Oral Literature in French
Oral Literature in French, including tales, songs, sayings, legends, superstitions, proverbs and other forms, is part of the heritage left by the first French settlers in North America.
Oral Literature in French
Oral Literature in French, including tales, songs, sayings, legends, superstitions, proverbs and other forms, is part of the heritage left by the first French settlers in North America. Transmitted orally through the centuries, these anonymous traditional forms have enjoyed an excellent environment (an immense, predominantly rural region) for their preservation and transmission. By the 19th century, Ernest Gagnon and others first felt the need to preserve them in written form, but they still circulate orally today, despite the pervasive presence of the mass media. French Canadian oral literature remains faithful to its origins although, after 3 centuries in the new land, it has evolved, adapted and acquired both autonomy and originality.

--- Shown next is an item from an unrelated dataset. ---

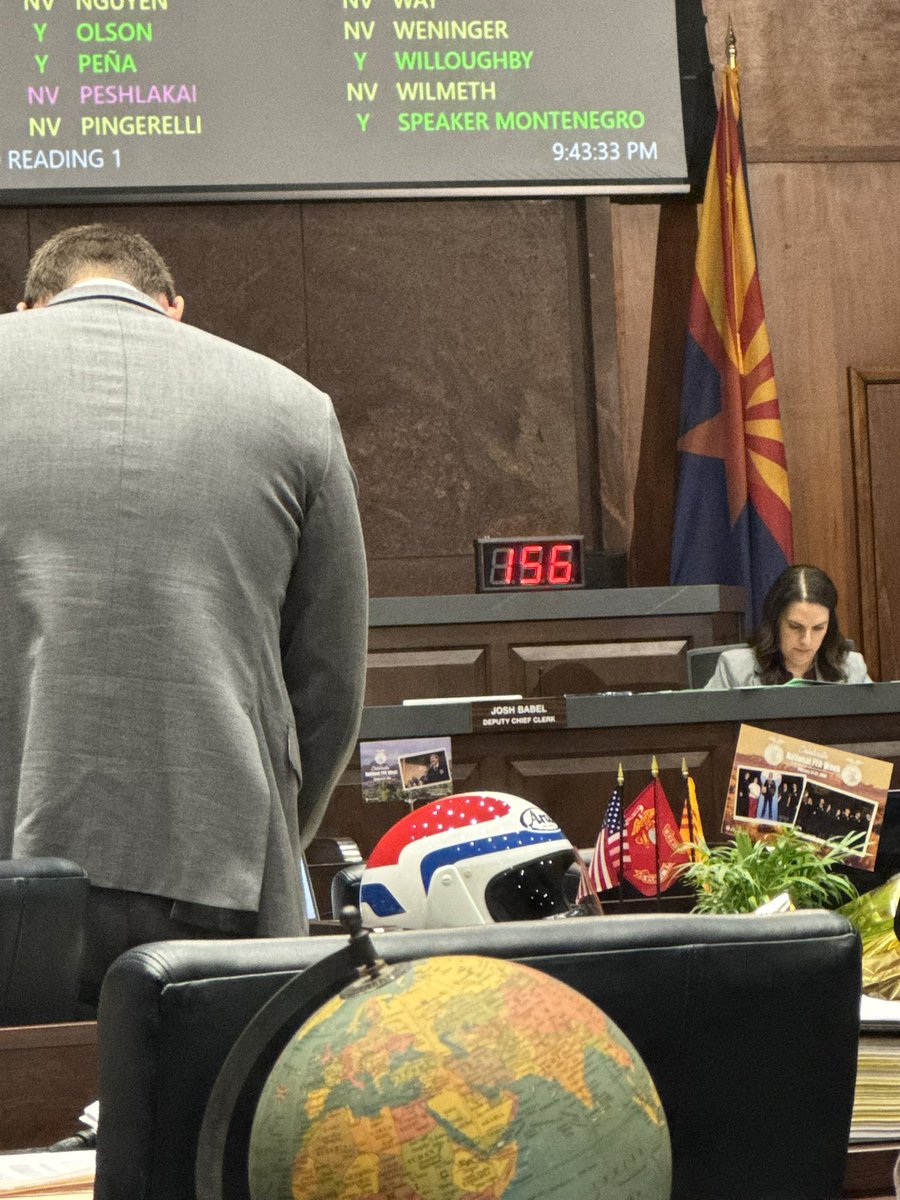 RJ4arizona's tweet photo. Well, we have 156 bills left to vote tonight and it’s almost 10 PM. 

This is why we call it Hell Week. https://t.co/7YXfZqcXvf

Since it is not formalized in writing, oral folklore is in a state of perpetual change. Popular tales have been handed down from the earliest days of French civilization. Most of the legends deal with universal themes, but some, concerning historical events and characters, began in Québec. Innumerable different versions of songs have resulted from exchanges between immigrants from different French provinces; as with legends, the repertoire of folk songs grew in the new land to include songs about the coureurs de bois, the voyageurs of the pays d'en haut, and life in the forest.
The 19th century was still the golden age of the traditional tale, and storytellers were very popular. Crowds spontaneously formed around tramps and peddlers to hear the stories of La Grand'Margaude, La Bête à sept-têtes, La Canarde and L'Eau de la Fontaine de Paris, and the incredible adventures of Ti-Jean. In rural areas, people liked to organize entire evenings of storytelling. Forest life was important in preserving and spreading tales, as lumberjacks and raftsmen fought the boredom of long isolation by gathering to tell each other tales in the camps.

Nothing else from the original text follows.